# Advanced NLP with Transformers and Hugging Face

This notebook demonstrates how to use various models and tools from the Hugging Face ecosystem for natural language processing (NLP) tasks. The notebook covers:

1. **Loading and Using a Transformer Model**
2. **Performing Inference with Mixed Precision**
3. **Generating Responses Using a Transformer Model**
4. **Using the Hugging Face Inference API**
5. **Using Microsoft TTS API for Text-to-Speech**

Let's start by setting up our environment.

In [1]:
# Importing necessary libraries
from transformers import AutoTokenizer, AutoModelForCausalLM
import torch
from torch.cuda.amp import autocast
import requests
from IPython.display import Audio

## 1. Load Tokenizer and Model
First, we'll load a pre-trained tokenizer and model from the Hugging Face model hub. In this case, we use the `mistralai/Mistral-7B-v0.1` model.

In [2]:
# Load tokenizer and model
tokenizer = AutoTokenizer.from_pretrained("mistralai/Mistral-7B-v0.1")
model = AutoModelForCausalLM.from_pretrained("mistralai/Mistral-7B-v0.1")

# Move model to GPU
device = torch.device("cuda" if torch.cuda.is_available() else "cpu")
model.to(device)

## 2. Perform Inference with Mixed Precision
To improve performance and reduce memory usage, we can use mixed precision inference. We define a function `infer` to tokenize the input text and perform inference using mixed precision.

In [3]:
def infer(input_text):
    # Tokenize input
    inputs = tokenizer(input_text, return_tensors="pt").to(device)
    
    # Perform inference with mixed precision
    with autocast():
        outputs = model(**inputs)
    
    # Clear GPU cache
    torch.cuda.empty_cache()
    
    # Process outputs
    return outputs

# Example usage
input_text = "Your input text here"
outputs = infer(input_text)
print(outputs)

## 3. Generate Responses Using Transformer Model
We also define a function `generate_response` to generate responses based on a prompt. This function uses the `generate` method of the model and decodes the generated text.

In [4]:
def generate_response(prompt):
    inputs = tokenizer(prompt, return_tensors="pt").to(device)
    outputs = model.generate(
        inputs.input_ids,
        max_length=100,
        num_return_sequences=1,
        pad_token_id=tokenizer.eos_token_id,
    )
    return tokenizer.decode(outputs[0], skip_special_tokens=True)

# Example query
query = "What is the impact of AI on modern healthcare?"
response = generate_response(query)
print(response)

## 4. Use the Hugging Face Inference API
We demonstrate how to use the Hugging Face Inference API for a model named `mistralai/Mistral-7B-Instruct-v0.1` to handle chat completions. This part requires an API token for authentication.

In [5]:
from huggingface_hub import InferenceClient

client = InferenceClient(
    "mistralai/Mistral-7B-Instruct-v0.1",
    token="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",
)

for message in client.chat_completion(
    messages=[{"role": "user", "content": "Who is obama?"}],
    max_tokens=500,
    stream=True,
):
    print(message.choices[0].delta.content, end="")

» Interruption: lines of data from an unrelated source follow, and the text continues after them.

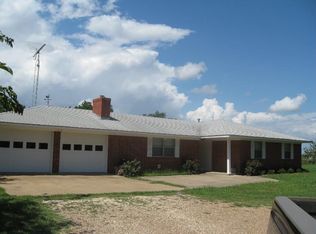 2613 Bluhm Rd, West, TX 76691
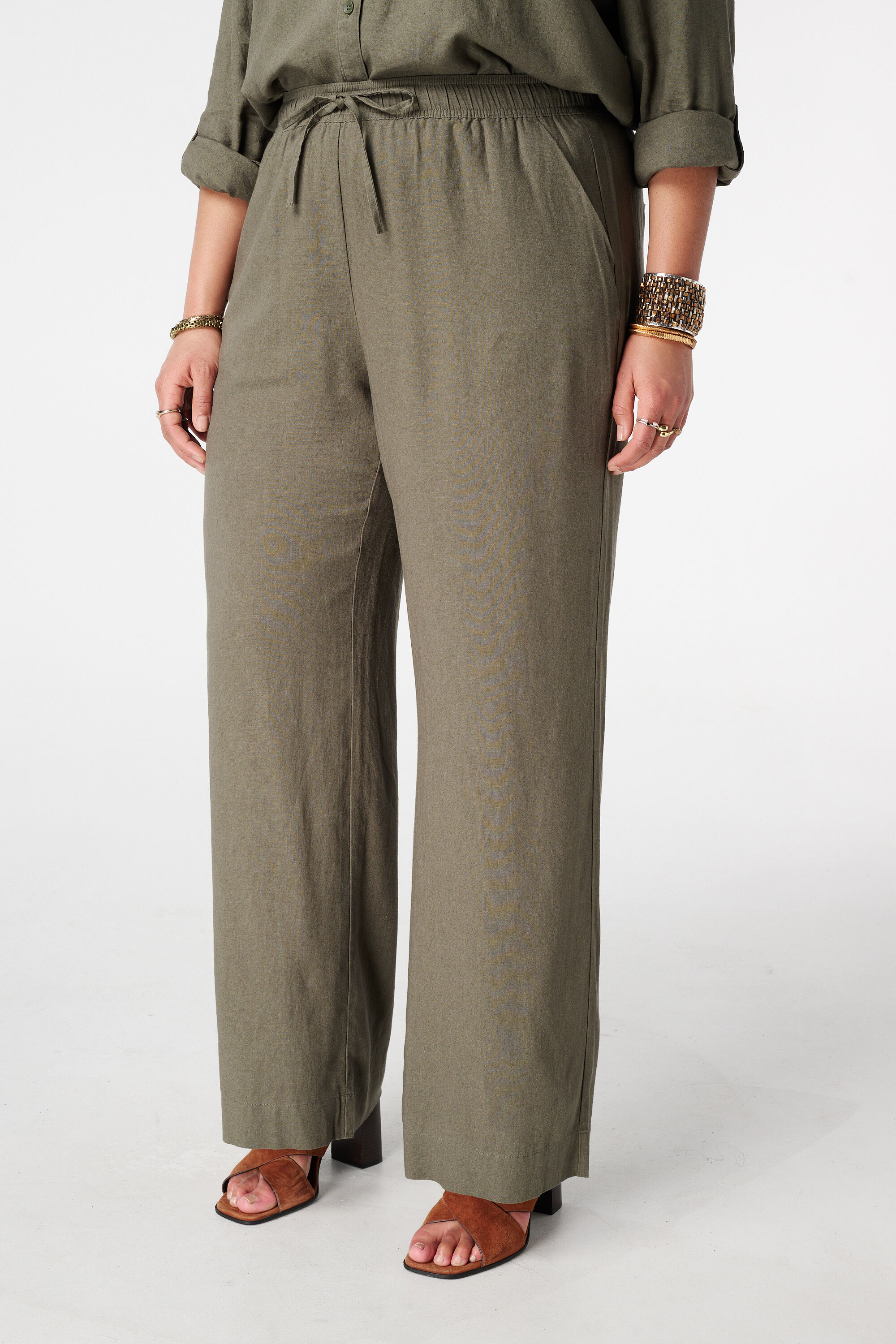 Pantal&oacute;n de lino image number 5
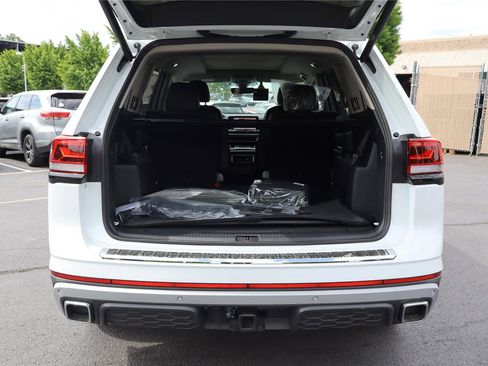 New 2026 Volkswagen Atlas Peak Edition AWD/4WD image 5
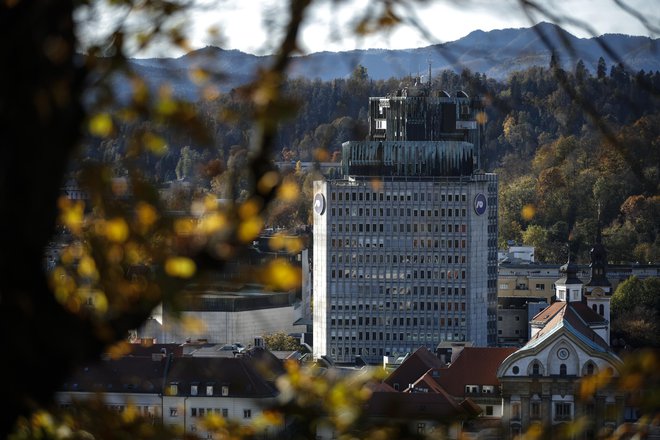 Slovensko banko Sberbank bi kupila največja slovenska banka NLB. FOTO: Uroš Hočevar/Delo
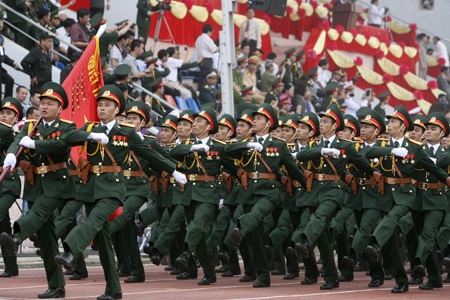 Những cô gái bồng súng diễu binh trên đường phố Điện Biên - 3 Lực lượng sĩ quan lục quân.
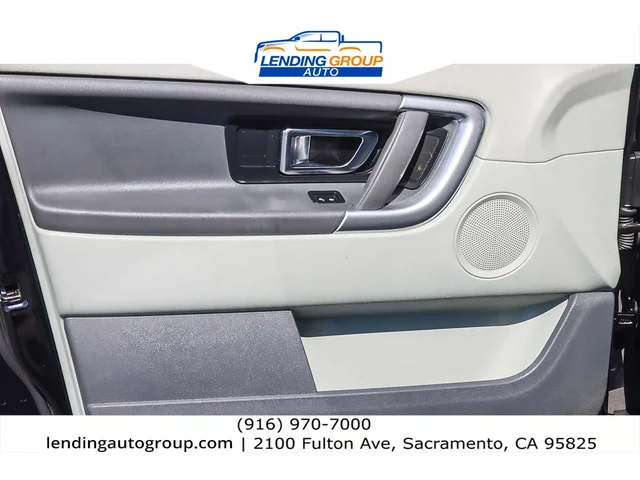 SEMINUEVOS LAND ROVER Discovery Sport at Lending Group Auto in Sacramento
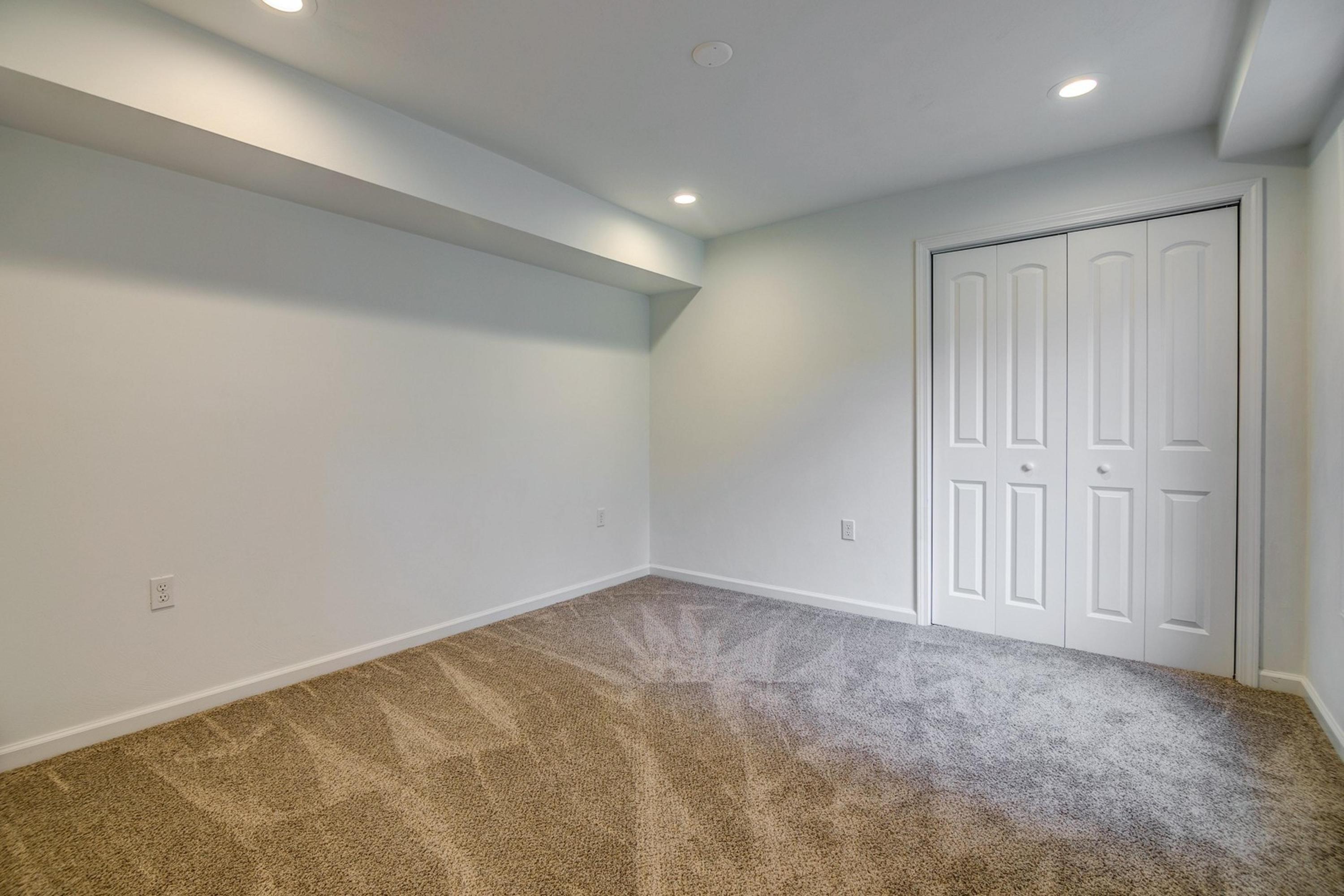 1017 Longview Road Roanoke, VA 24018 - Photo 34 of 38 033-294665-1017 Longview Road-34_7123910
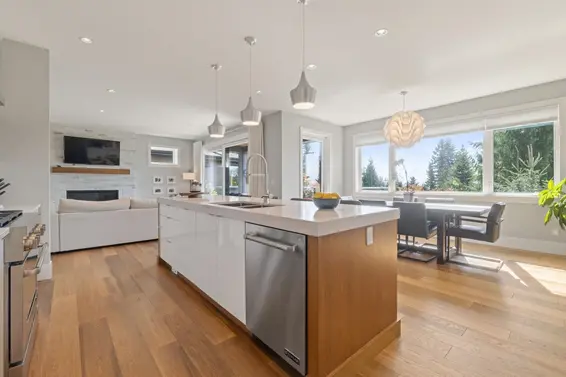 291 Monteray Avenue, North Vancouver For Sale - image 9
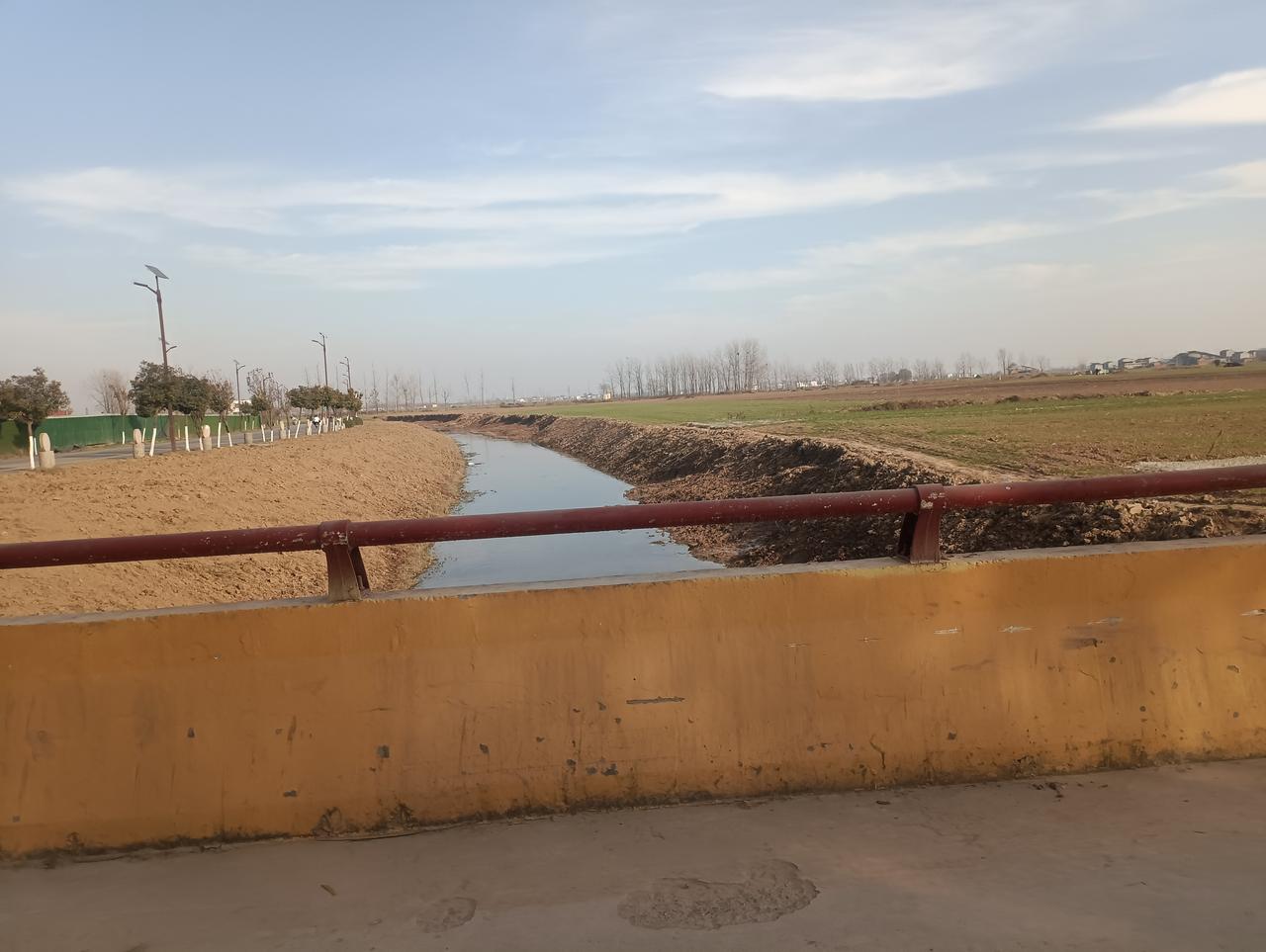 同是一条沟，风景两不同！   
   这是同一条沟，往西风景如画，两岸绿树成荫，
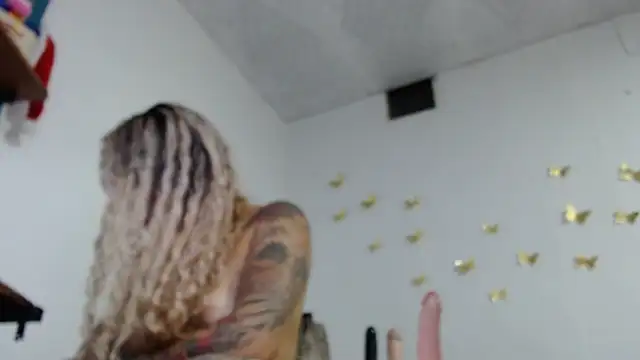 Snapshot of Sexy-Favgirl chatting on 01.08.26 Sexy-Favgirl online show from 01.08.26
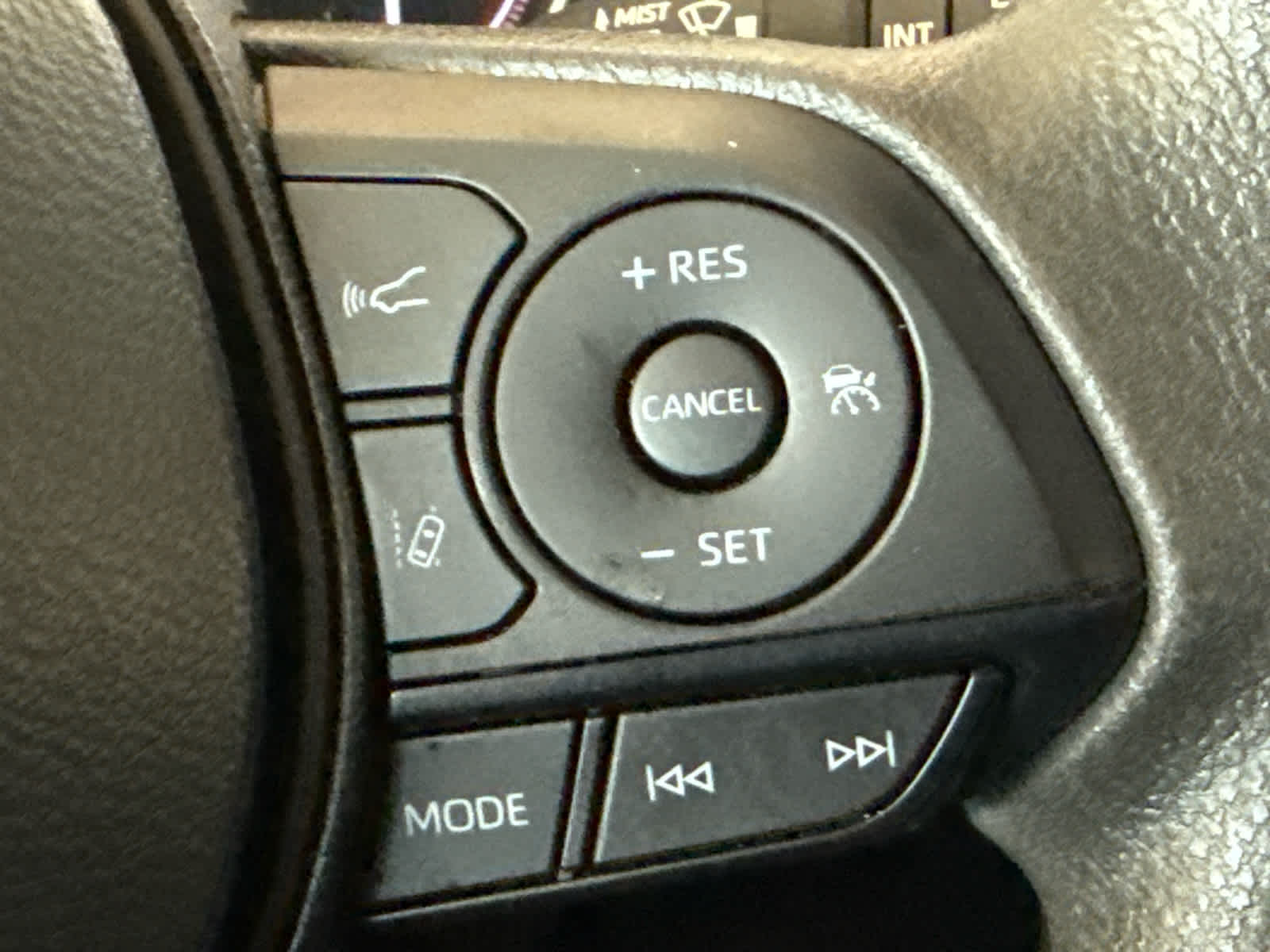 2024 Toyota RAV4 XLE AWD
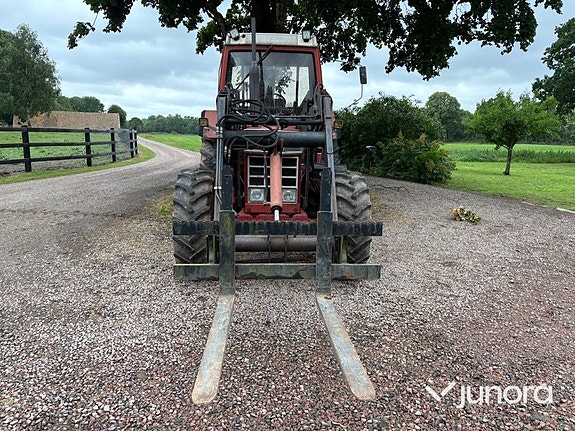 Traktor – International 844 AXL med Ålö Quicke 3360 WS lastare 9 of 30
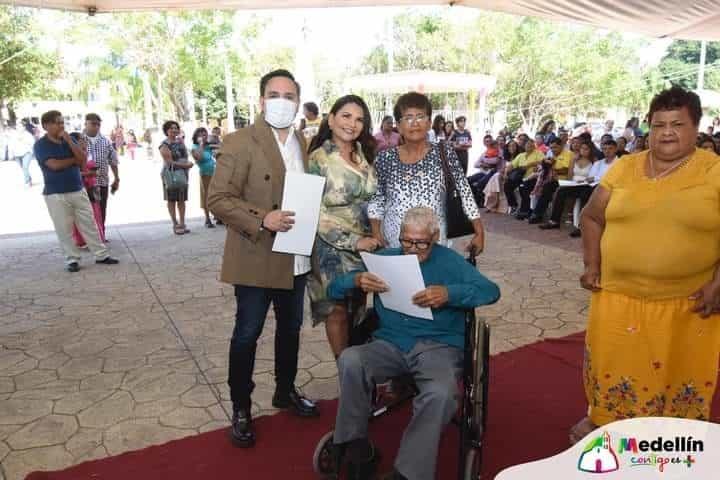 Más de 144 parejas unieron sus vidas en las bodas colectivas de Medellín de Bravo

## 5. Use Microsoft TTS API for Text-to-Speech
Finally, we show how to use Microsoft's Text-to-Speech API to convert text into speech. We use an API endpoint and handle the response to get the audio output.

In [6]:
API_URL = "https://api-inference.huggingface.co/models/microsoft/speecht5_tts"
headers = {"Authorization": "Bearer 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"}

def query(payload):
    response = requests.post(API_URL, headers=headers, json=payload)
    return response.content

audio_bytes = query({
    "inputs": "How are you?",
})

# Display the audio
Audio(audio_bytes)